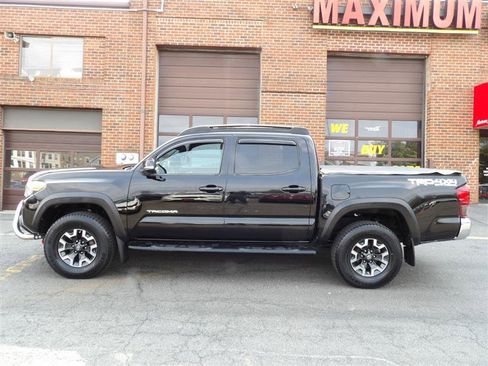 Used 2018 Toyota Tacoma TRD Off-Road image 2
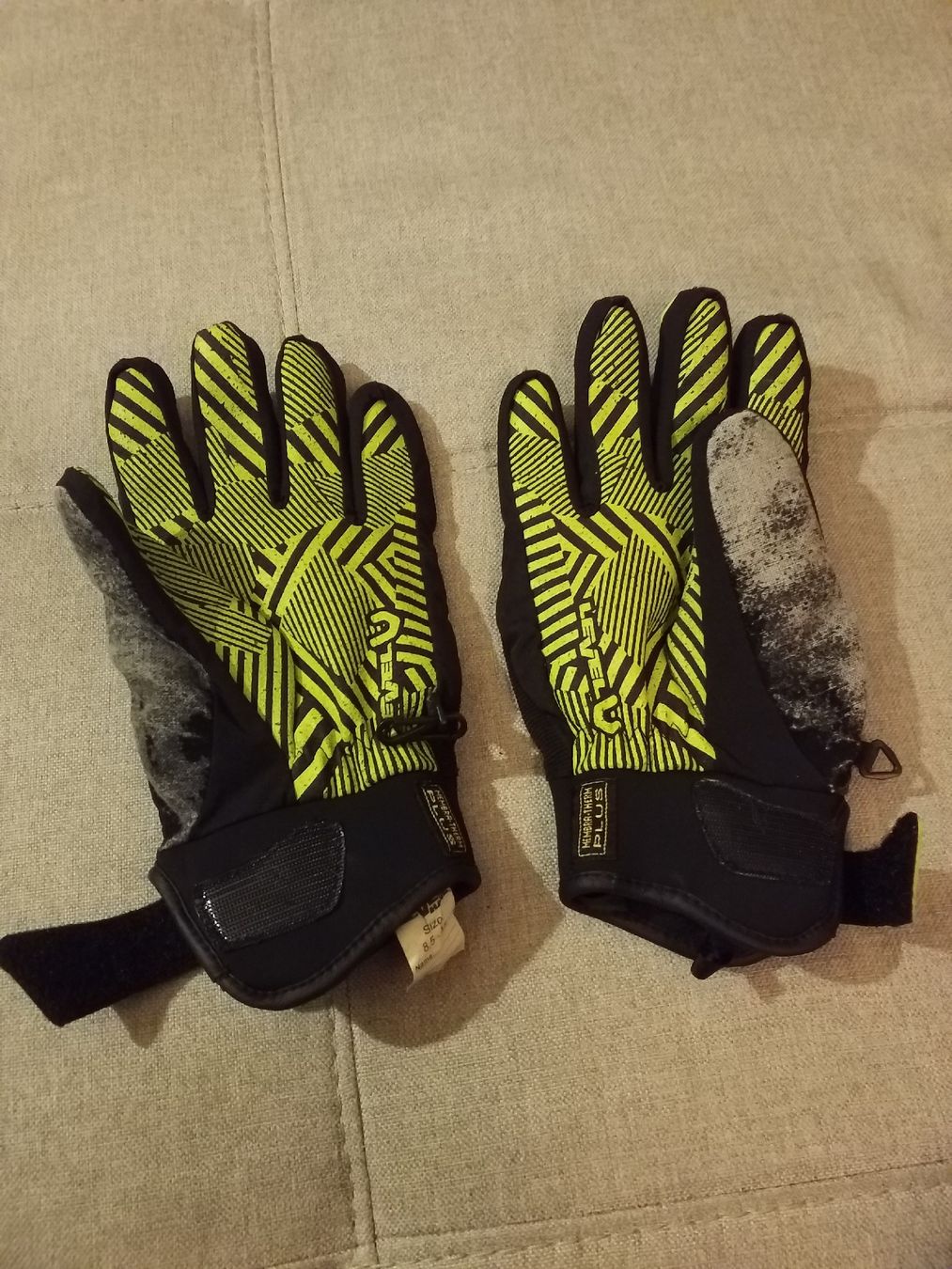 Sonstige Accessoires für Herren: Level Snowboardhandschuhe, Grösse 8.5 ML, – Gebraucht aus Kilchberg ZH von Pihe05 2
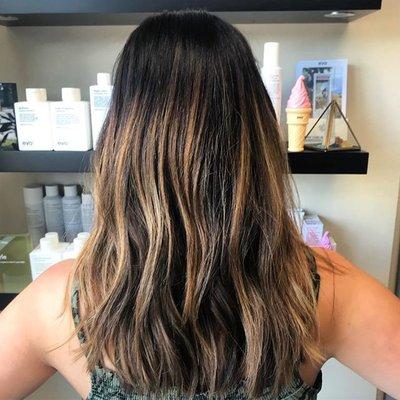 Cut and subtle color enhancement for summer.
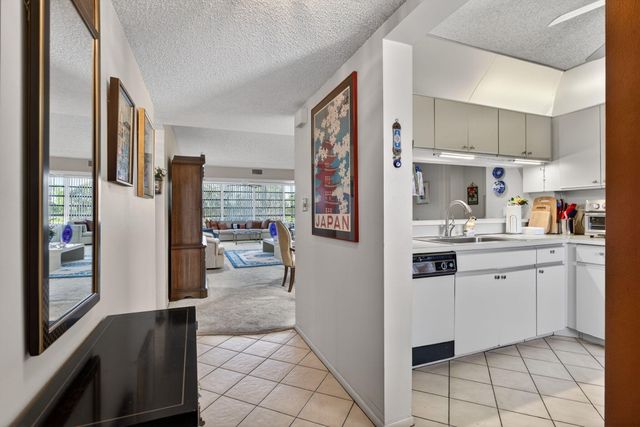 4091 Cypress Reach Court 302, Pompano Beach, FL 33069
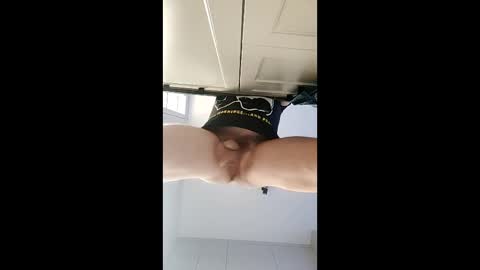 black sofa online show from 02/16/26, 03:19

★ ★ ★ ★ ★

WORK TO COMPLETE: Take the line that contains "Sonstige Accessoires für" as the first and the last line of the records as the end, and please quote those lines exactly, pictures omitted.

RESPONSE TO THE EXERCISE:
 Sonstige Accessoires für Herren: Level Snowboardhandschuhe, Grösse 8.5 ML, – Gebraucht aus Kilchberg ZH von Pihe05 2
 Cut and subtle color enhancement for summer.
 4091 Cypress Reach Court 302, Pompano Beach, FL 33069
 black sofa online show from 02/16/26, 03:19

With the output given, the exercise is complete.